EXERCISE DATA:

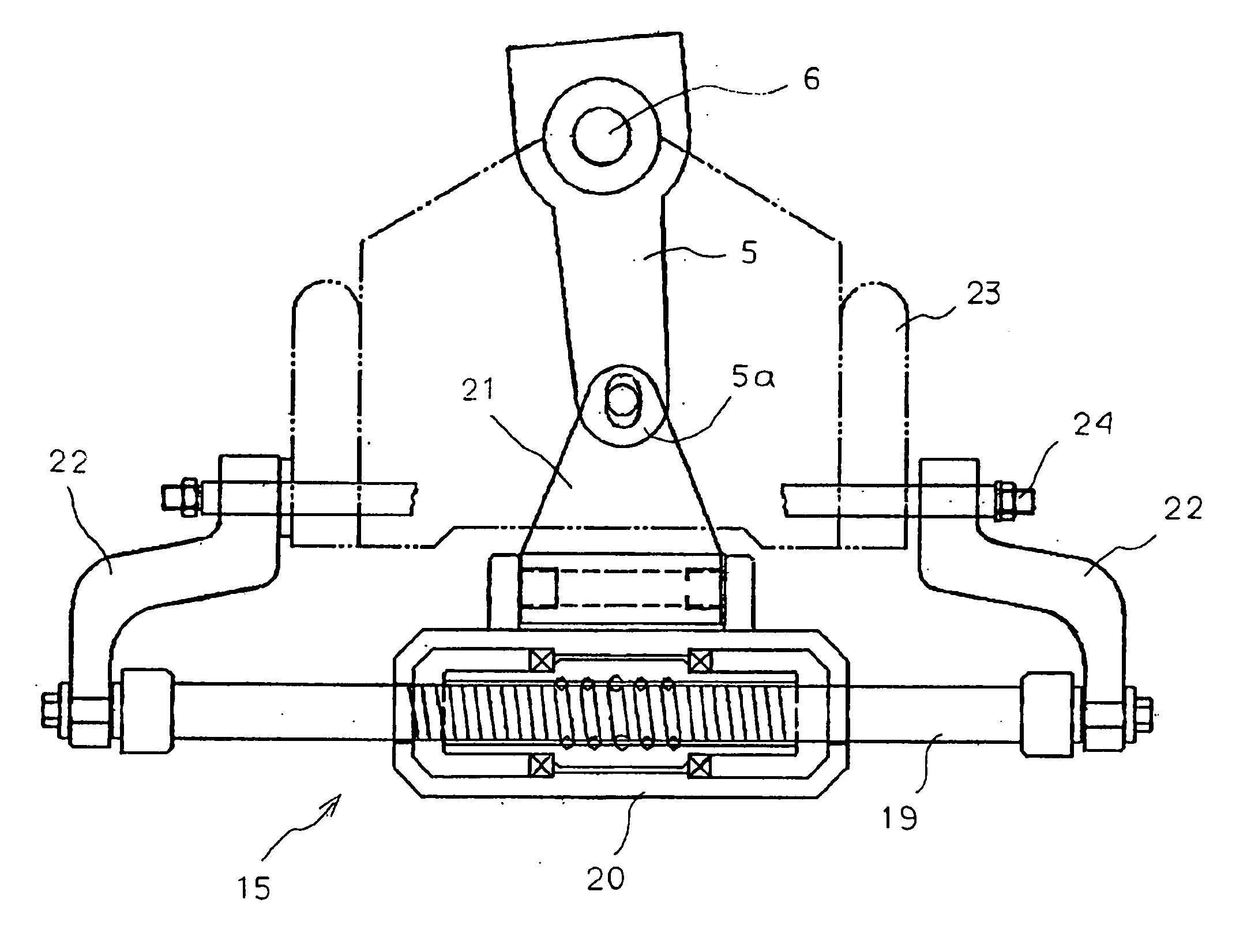 Steering method and steering system for boat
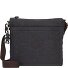  Basic Sebastian Sac à bandoulière 23 cm Modéle black noir
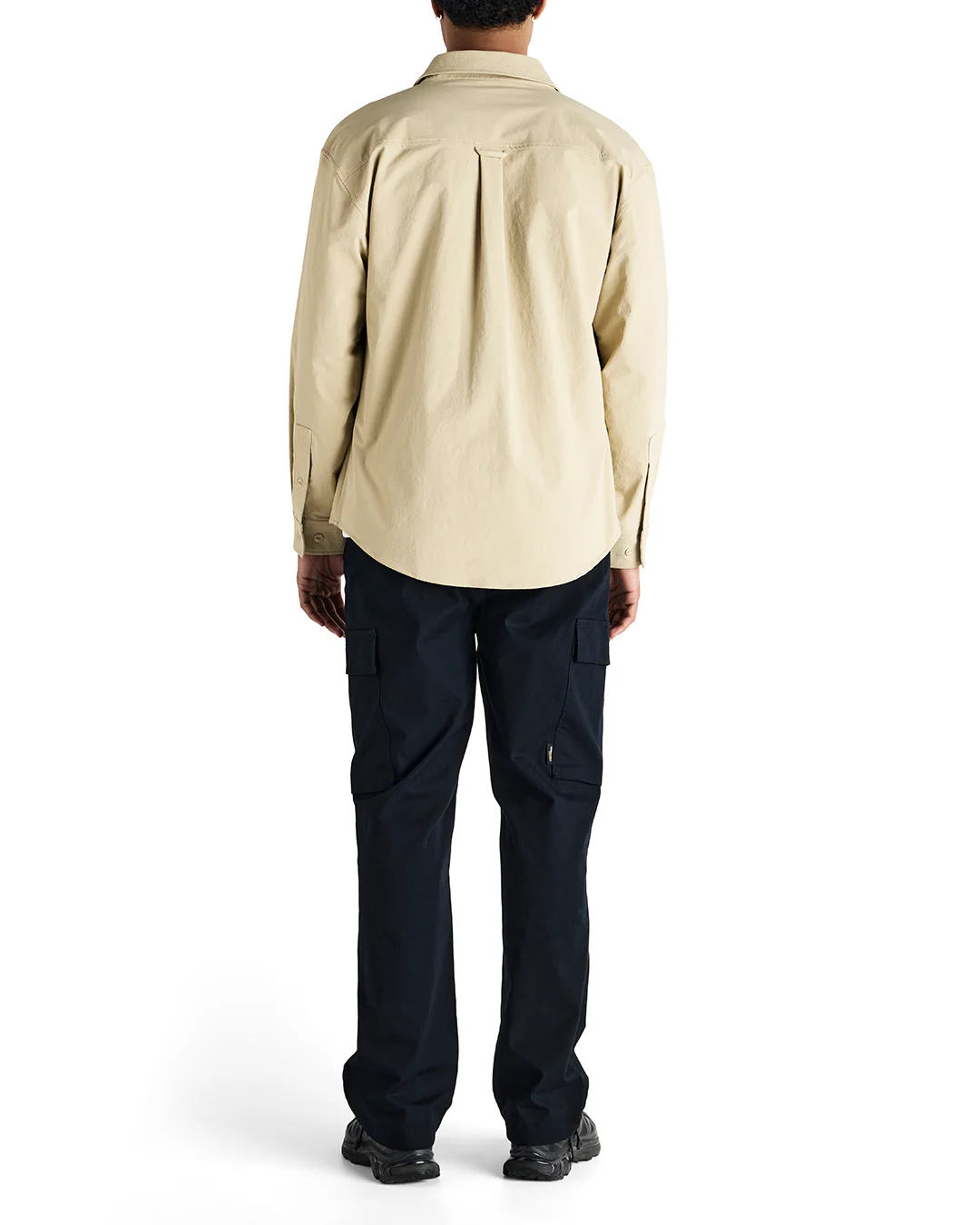Frizell Travel Shirt - Safari - Image 6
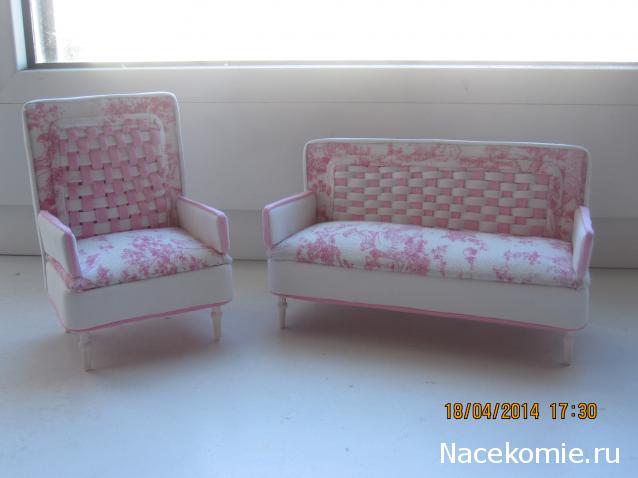 Дом Мечты. Аксессуары и мебель своими руками часть 2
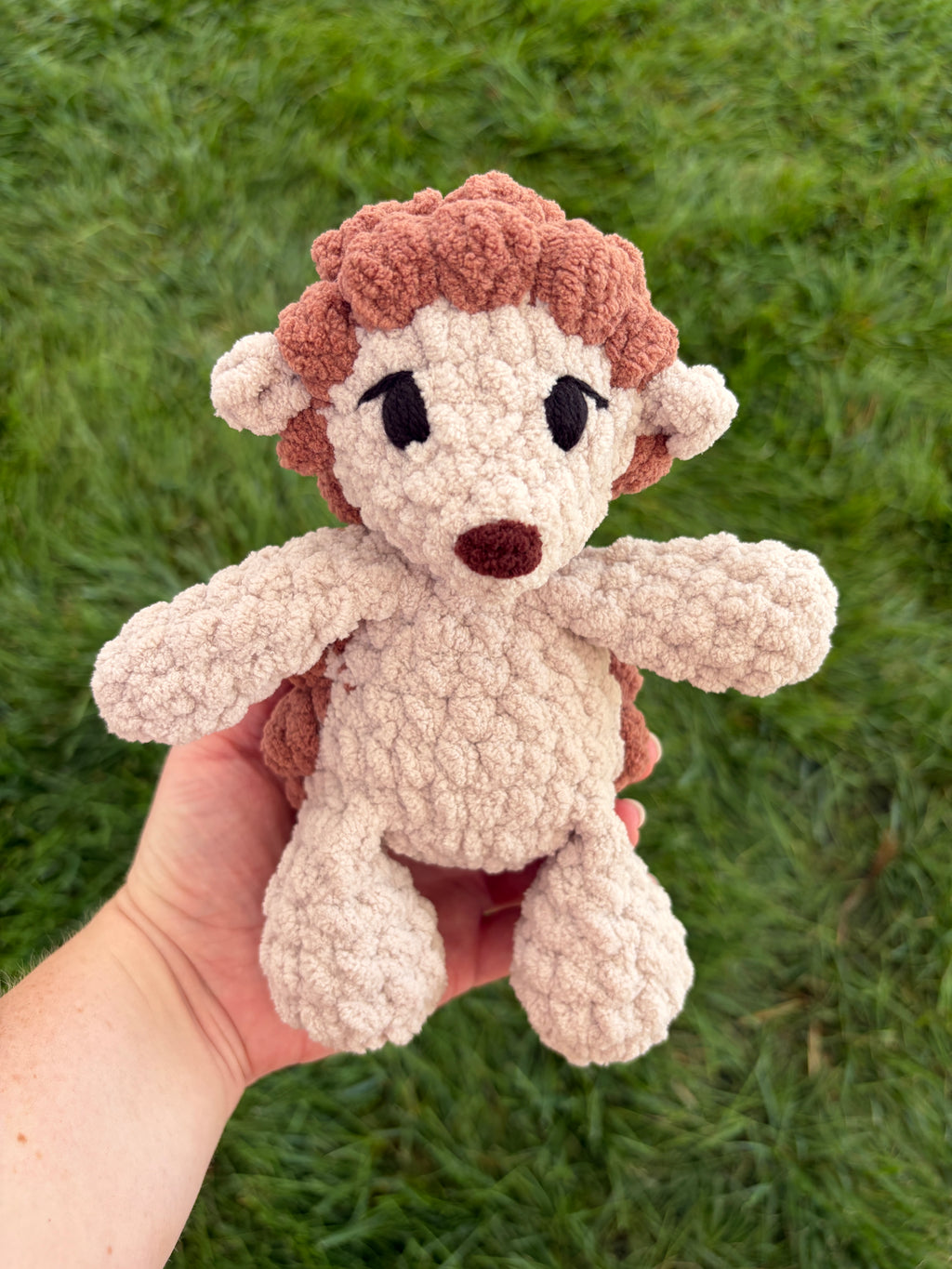 Hedgehog Bub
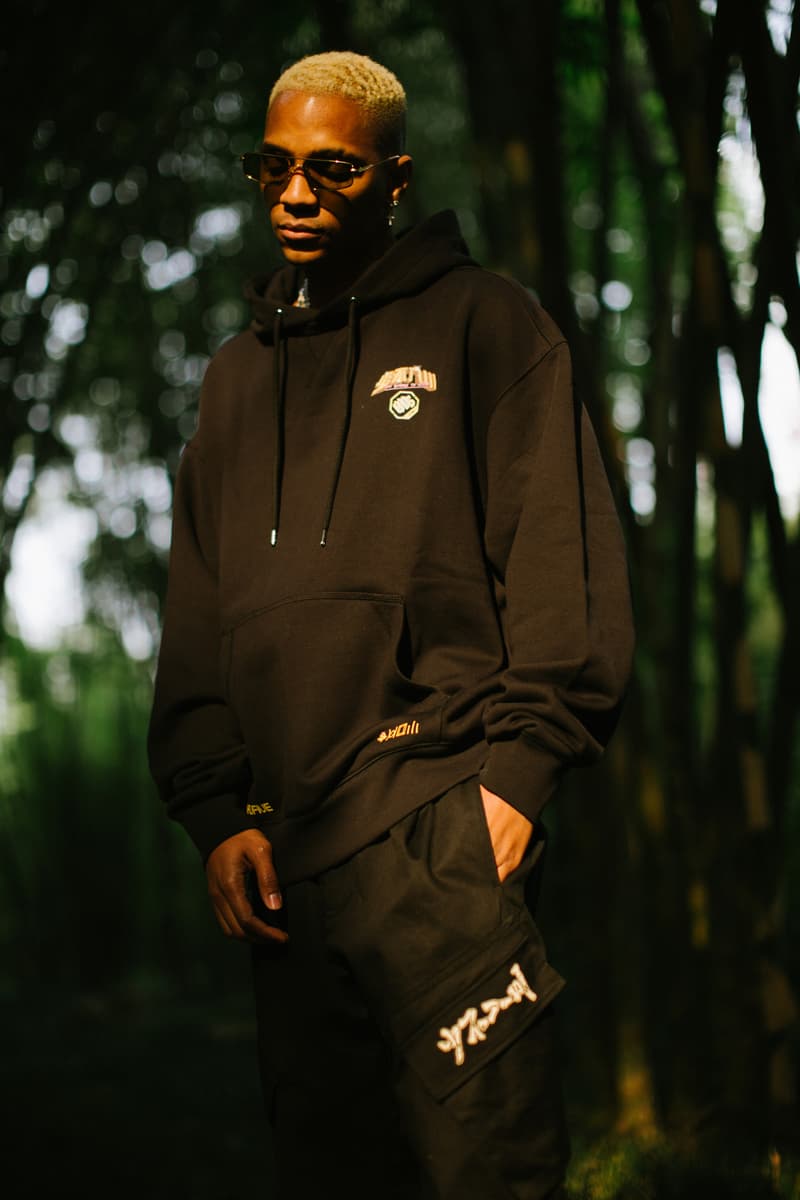 Li-Ning Drops 'Too Young To Stay' Collection Basketball China Sportswear Streetwear Fashion HYPEBEAST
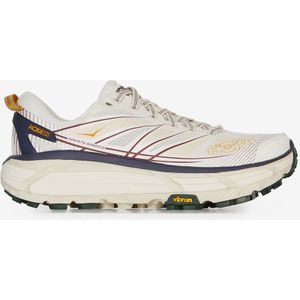 Sneakers Hoka Mafate Speed 2  Beige/jaune  Heren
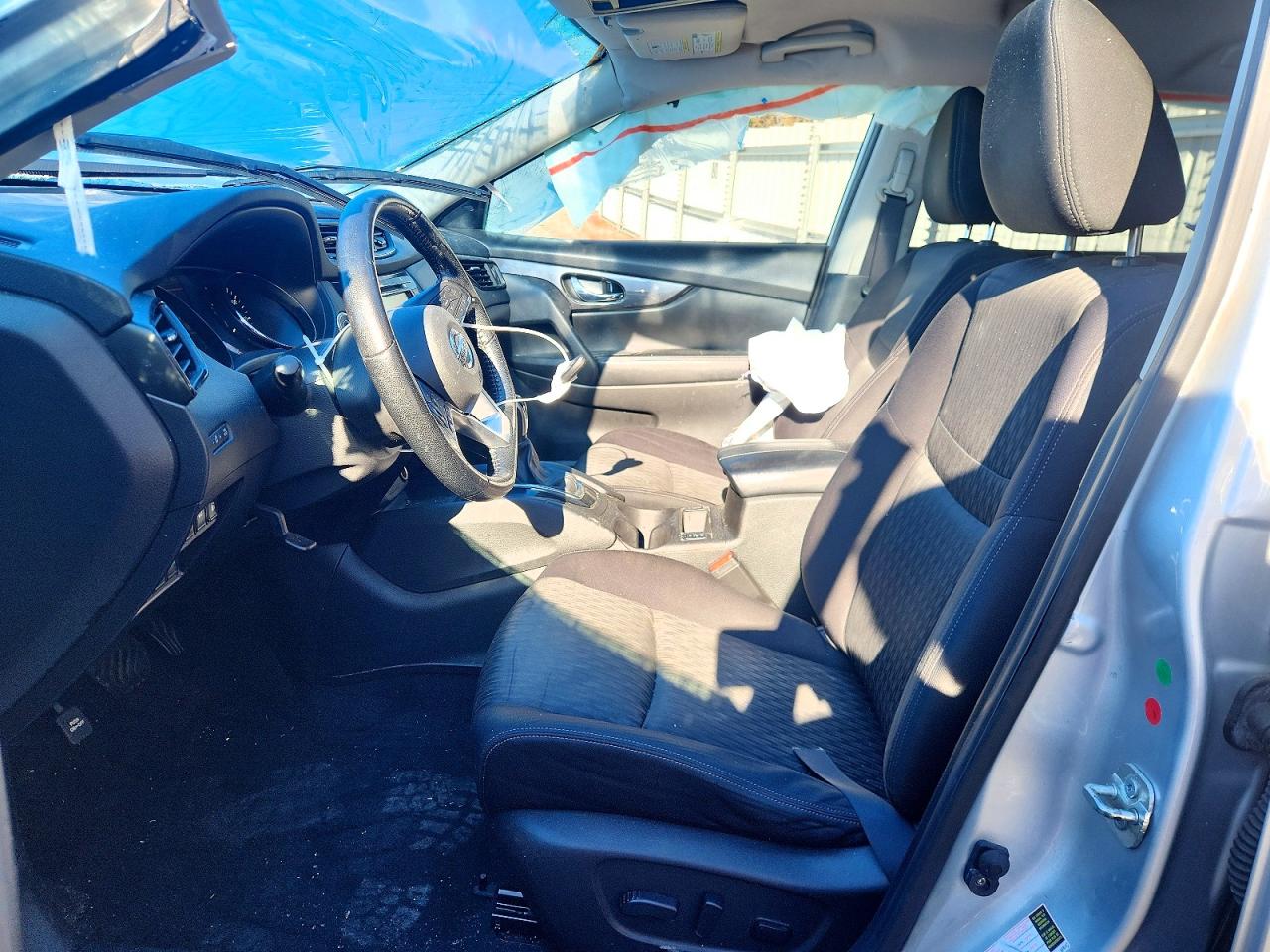 2020 NISSAN ROGUE S photo 7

WORK REQUEST: The answer must be an exact copy of the records, with no pictures in it.

EXPECTED OUTPUT:
 Steering method and steering system for boat
  Basic Sebastian Sac à bandoulière 23 cm Modéle black noir
Frizell Travel Shirt - Safari - Image 6
 Дом Мечты. Аксессуары и мебель своими руками часть 2
 Hedgehog Bub
 Li-Ning Drops 'Too Young To Stay' Collection Basketball China Sportswear Streetwear Fashion HYPEBEAST
 Sneakers Hoka Mafate Speed 2  Beige/jaune  Heren
 2020 NISSAN ROGUE S photo 7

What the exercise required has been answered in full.